Cape Town – The South African Department of Home Affairs is doing everything in their power to legalise Lesotho nationals’ stays in South Africa.
In an effort to push up the number of applicants for the Lesotho Special Permit (LSP) and create a one-stop shop to save applicants’ time, the DHA on Tuesday, 27 September, announced a new special provision that allows Basotho to apply for the Lesotho Special Permit, at the VFS Global-operated application centres, without passports.
Previously, one of the requirements for Lesotho nationals to gain permission to stay in SA legally was to have a valid passport or travel document with a unique Lesotho identity (ID) number. The previous requirement further stated that the passport be valid for a period of more than four years.
South Africa had earlier granted amnesty to all Basotho nationals until 31 December 2016 to handover fraudulent SA IDs at dedicated Home Affairs offices. Those who comply will be eligible to apply for LSP with the application closing date remaining 30 September 2016.
The Department will make these concessions applicable:
People with Lesotho ID cards but without valid passports can apply for LSP by 30 September 2016. However, they must provide their passports by 31 December 2016.
Those who have submitted a fully completed application form but have not paid for their visa can do so by 31 December 2016.
If applying with a passport, applicants with passports expiring within the next two years and having the LSP visa in them, can use both their old and new passports. In these cases, there would be no need to apply and pay for transfer of LSP visas.
Basotho applicants for the LSP must now only fulfill of the following requirements:
Be registered on the National Population Register (NPR) system of Lesotho and a have a Lesotho ID card.
Lesotho nationals who are in South Africa for less than 12 months need to have a police clearance certificate from Lesotho that is not more than six months old.
Applicants DO NOT need to apply for a South African police clearance certificate. The DHA in South Africa will obtain the South African Police Service clearance on behalf of all LSP applicants.
Applicants should also provide proof of employment or an affidavit from their employer in order to be issued with an LSP work permit.
For registration with an educational institution, all supporting documents or letters from an employer, school or business must show that the applicant has been residing in South Africa since before 30 September 2015.

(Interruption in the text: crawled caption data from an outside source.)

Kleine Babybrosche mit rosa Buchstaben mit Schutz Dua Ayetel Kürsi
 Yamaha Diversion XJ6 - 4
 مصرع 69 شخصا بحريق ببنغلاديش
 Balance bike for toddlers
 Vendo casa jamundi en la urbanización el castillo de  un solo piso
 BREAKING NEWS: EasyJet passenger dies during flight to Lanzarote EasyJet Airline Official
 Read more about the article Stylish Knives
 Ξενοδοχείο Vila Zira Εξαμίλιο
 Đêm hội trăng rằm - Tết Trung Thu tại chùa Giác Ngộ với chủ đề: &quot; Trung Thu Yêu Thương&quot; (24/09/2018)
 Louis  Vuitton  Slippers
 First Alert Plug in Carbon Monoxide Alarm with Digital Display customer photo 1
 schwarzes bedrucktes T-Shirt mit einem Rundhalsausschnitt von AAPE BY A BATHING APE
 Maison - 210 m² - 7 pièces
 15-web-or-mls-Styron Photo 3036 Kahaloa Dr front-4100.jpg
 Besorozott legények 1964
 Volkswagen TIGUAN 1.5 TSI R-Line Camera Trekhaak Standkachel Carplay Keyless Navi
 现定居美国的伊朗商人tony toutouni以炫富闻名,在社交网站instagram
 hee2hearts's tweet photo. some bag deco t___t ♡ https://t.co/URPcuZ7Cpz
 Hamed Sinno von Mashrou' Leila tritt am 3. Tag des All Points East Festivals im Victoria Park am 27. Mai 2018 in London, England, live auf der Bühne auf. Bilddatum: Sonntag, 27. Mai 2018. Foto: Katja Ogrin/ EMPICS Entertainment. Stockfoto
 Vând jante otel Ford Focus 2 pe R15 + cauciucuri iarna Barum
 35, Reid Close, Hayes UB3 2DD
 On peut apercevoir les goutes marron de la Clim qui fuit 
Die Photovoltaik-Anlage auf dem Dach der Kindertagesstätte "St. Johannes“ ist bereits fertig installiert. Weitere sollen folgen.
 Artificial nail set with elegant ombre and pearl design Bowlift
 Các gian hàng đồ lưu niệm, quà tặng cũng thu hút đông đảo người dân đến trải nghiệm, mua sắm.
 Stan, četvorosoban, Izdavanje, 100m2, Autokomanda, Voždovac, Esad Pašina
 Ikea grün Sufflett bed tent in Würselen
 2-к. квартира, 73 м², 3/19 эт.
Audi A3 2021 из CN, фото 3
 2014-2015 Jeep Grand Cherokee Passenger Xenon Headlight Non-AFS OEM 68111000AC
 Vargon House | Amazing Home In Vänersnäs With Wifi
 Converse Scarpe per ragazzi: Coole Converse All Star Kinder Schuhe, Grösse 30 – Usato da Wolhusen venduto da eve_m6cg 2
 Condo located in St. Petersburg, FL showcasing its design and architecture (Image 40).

NOTE: Those applicants who may have fraudulently obtained South African documents need to surrender them to the designated DHA office, and obtain an amnesty letter. This amnesty is until 31 December 2016.
Those who have applied have until the end of December 2016 to pay for the special permit and present their valid passports to receive the permit.
The end of September marks the deadline for undocumented Basotho who work, study or do business in South Africa to get the necessary assistance in order to regularise their stay.
Thus, Lesotho nationals have only seven days left to visit one of the 11 LSP where they will be assisted with their permit applications. The LSP project was launched in March this year, following which, a three-month extension was granted on 30 June to allow more time for Basotho nationals to apply.
To date, only 12%, or 77 720 people of the estimated 400 000 Lesotho nationals living in South Africa have applied for the LSP. Of these, 50 303 have made the necessary payment and booked appointments to visit VFS Global centres countrywide to complete the process.
Basotho who have still not applied must do so speedily, as the DHA says there will be no extensions for Lesotho permits to be issued.